3. If illness or old age is the hindrance, let the summoner provide a team. He need not provide a covered carriage
with a pallet unless he chooses.
4. Let the protector of a
landholder be a landholder; for one of the
proletariat, let anyone that cares, be protector.
6-9. When the
litigants settle their case by compromise, let the magistrate announce it. If they do not compromise,
let them state each his own side of the case, in the
comitium of the
forum before noon. Afterwards let them talk it out together, while both are present. After noon, in case either party has failed to appear, let the magistrate pronounce
judgment in favor of the one who is present. If both are present the
trial may last until
sunset but no later.
Table II.
2. He whose
witness has failed to appear may summon him by
loud calls before his house every third day.
Table III.
1. One who has
confessed a
debt, or against whom judgment has been pronounced, shall have thirty days to pay it in.

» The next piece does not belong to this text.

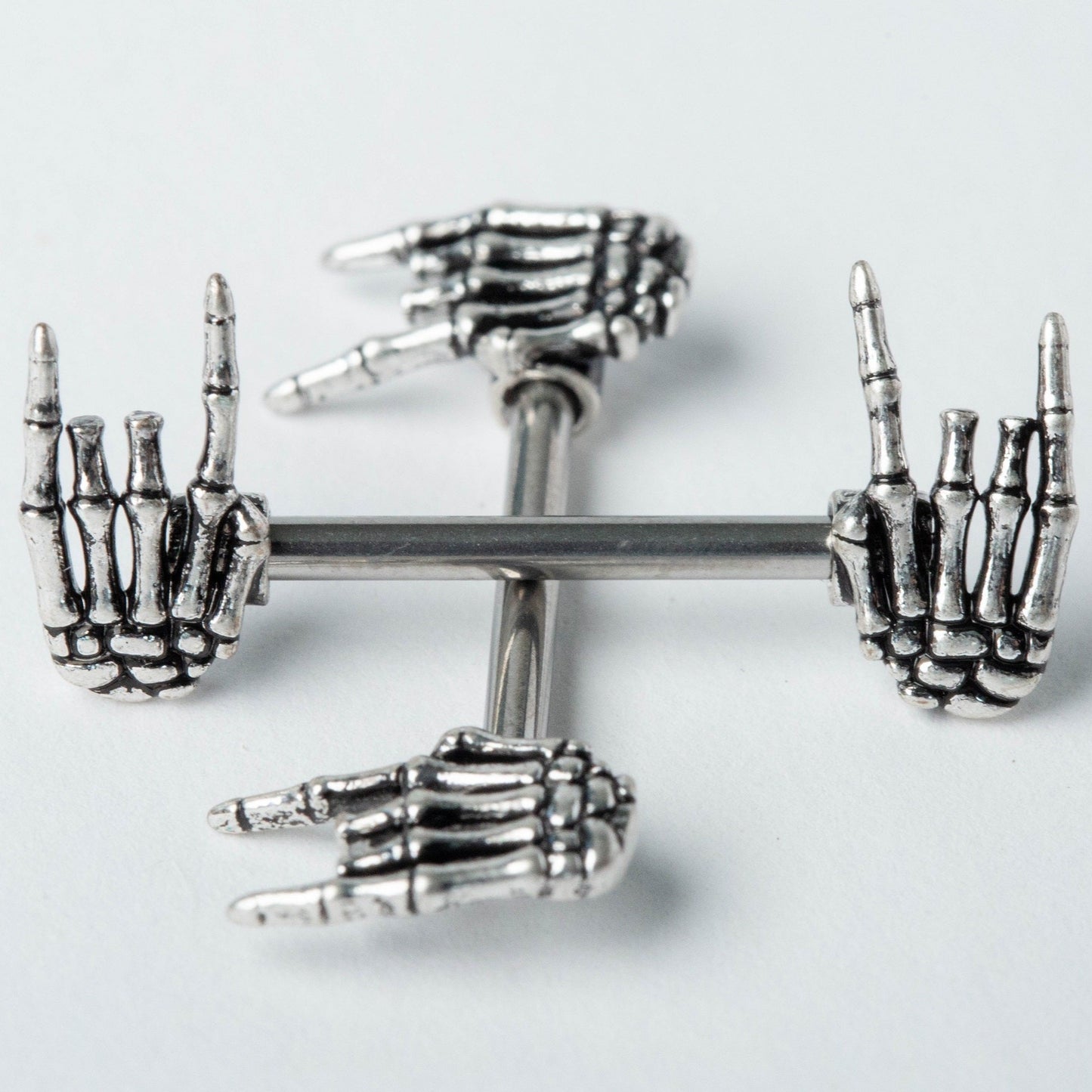 Skeleton Hand Nipple Barbells - 316L Stainless Steel - Pair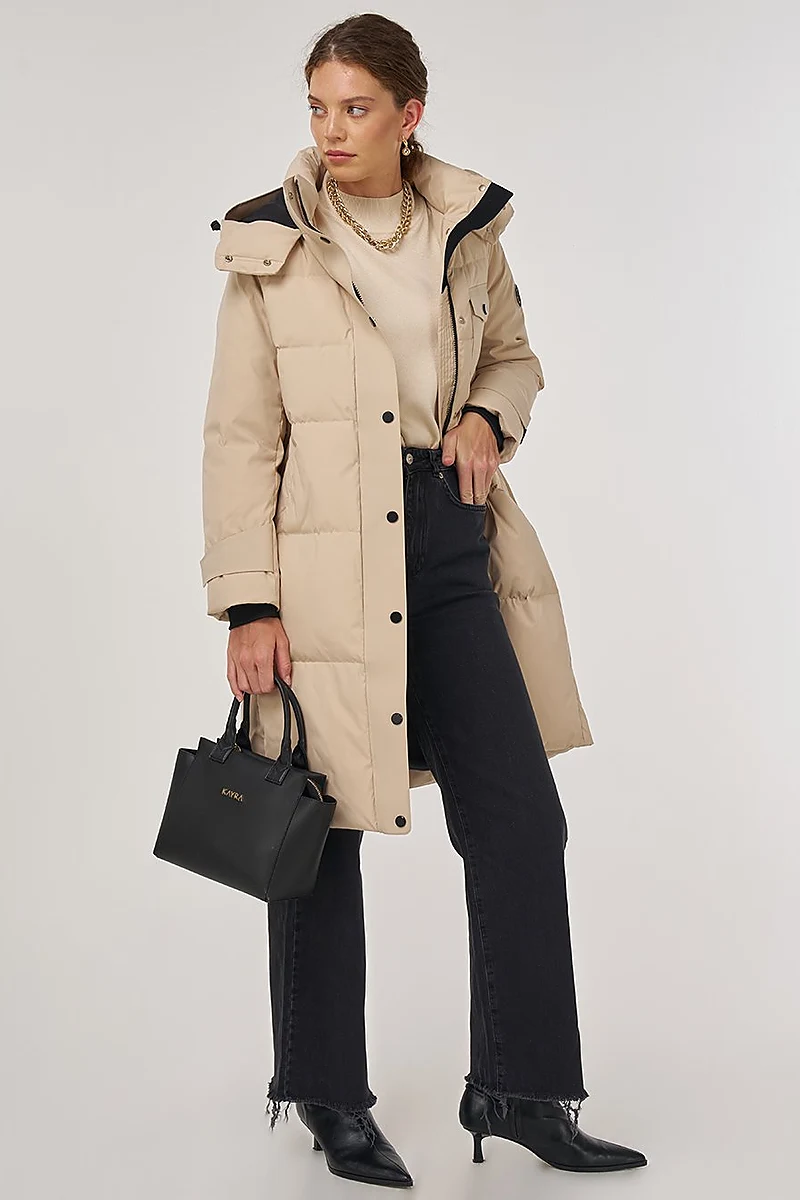Pocket Detailed Goose Down Coat in Cream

After that forcible seizure of his person is allowed. The creditor shall bring him before the magistrate. Unless he pays the amount of the judgment or some one in the presence of the magistrate interferes in his behalf as protector the creditor so shall take him home and fasten him in
stocks or fetters. He shall fasten him with not less than fifteen pounds of weight
or, if he choose, with more. If the
prisoner choose, he may
furnish his own food. If he does not, the creditor must give him a pound of
meal daily; if he choose he may give him more.
2. On the third market day let them divide his body among them. If they cut more or less than each one's share it
shall be no crime.
3. Against a foreigner the right in property shall be valid forever.
Table IV.
1. A dreadfully
deformed child shall be quickly killed.
2. If a father
sell his son three times, the son shall be free from his father.

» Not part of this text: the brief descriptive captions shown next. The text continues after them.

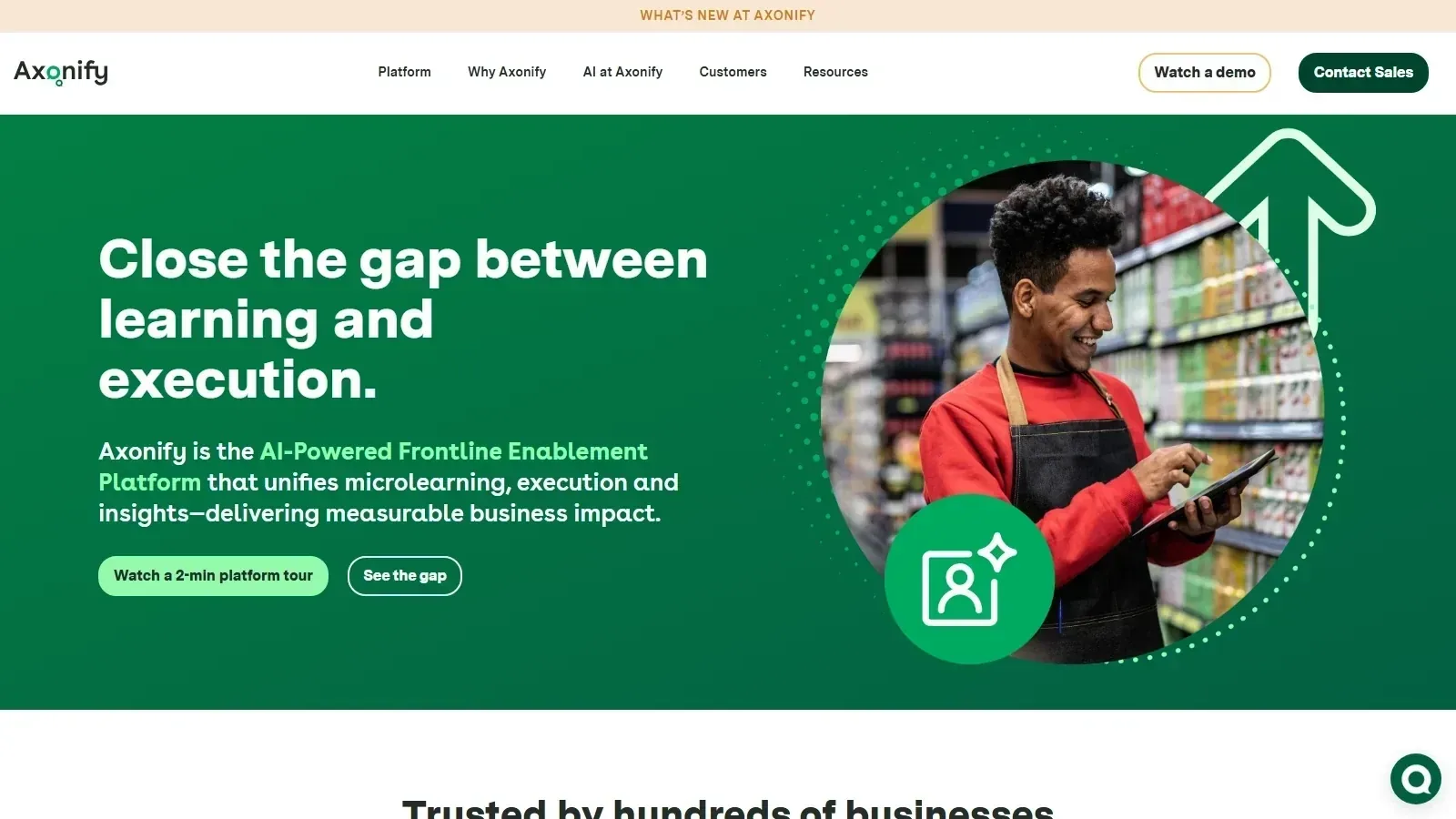 Axonify homepage screenshot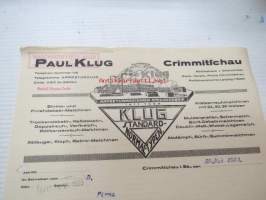 Paul Klug, Crimmitschau, 29.5.1923 -asiakirja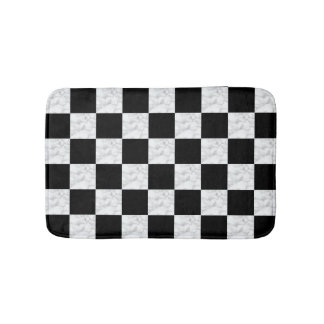 Neo Deco Black and Faux White Marble Checkerboard Badematte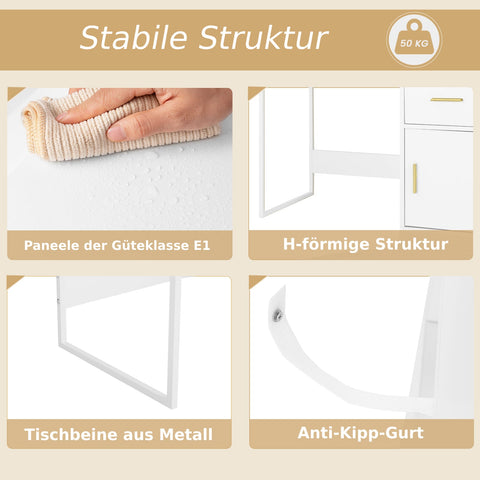 Rootz Dressing Table with LED Mirror - Vanity Desk - Makeup Table - Adjustable Brightness, Spacious Storage, Durable Build - 90cm x 143cm x 39.5cm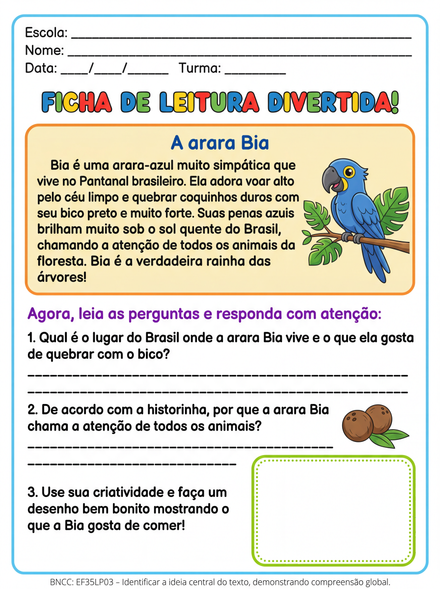 Ficha de leitura divertida A arara Bia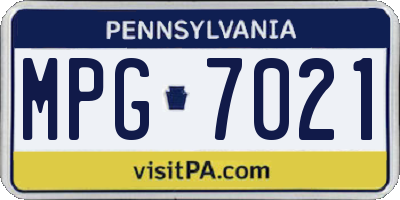 PA license plate MPG7021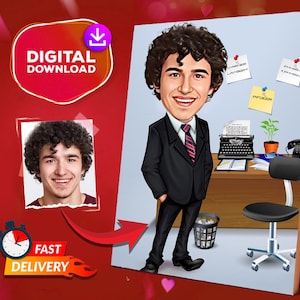 Personalized Office Worker Cartoon Portrait, Office Worker Caricature Caricature Drawing From Photo, Funny Coworker Portrait, Gift For Him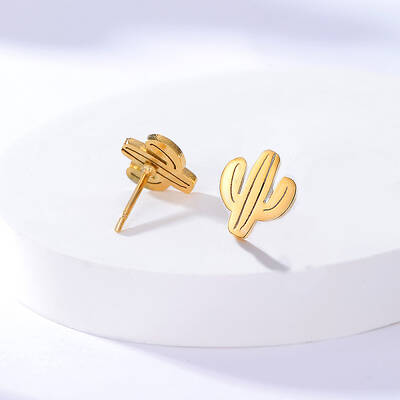 Fashionable and Cute Cactus Stainless Steel Stud Earrings for Women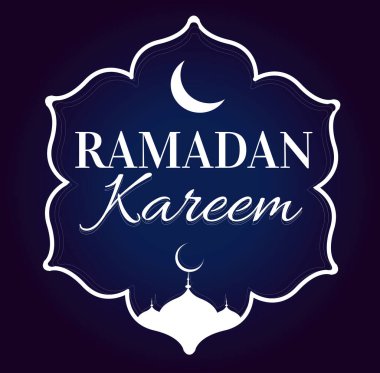 Ramadan Kareem design. mosque line vector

3. As a man has provided in his will in regard to his money and the care of his property, so let it be binding. If he
has no heir and dies intestate, let the nearest agnate have the inheritance. If there is no agnate, let the members of his
gens have the inheritance.
4. If one is mad but has no guardian, the power over him and his money shall belong to his agnates and the members of his gens.
5. A
child born after ten months since the father's death will not be admitted into a
legal inheritance.
Table V.
1.
Females should remain in guardianship even when they have attained their majority.
Table VI.
1. When one makes a bond and a conveyance of property, as he has made
formal declaration so let it be binding.
3. A beam that is built into a house or a vineyard trellis one may not take from its place.
5. Usucapio of movable things requires one year's
possession for its completion; but usucapio of an estate and buildings
two years.
6. Any woman who does not wish to be subjected in this manner to the hand of her husband should be absent three nights
in succession every year, and so interrupt the
usucapio of each year.
Table VII.
1. Let them keep the road in order. If they have not paved it, a man may drive his team where he likes.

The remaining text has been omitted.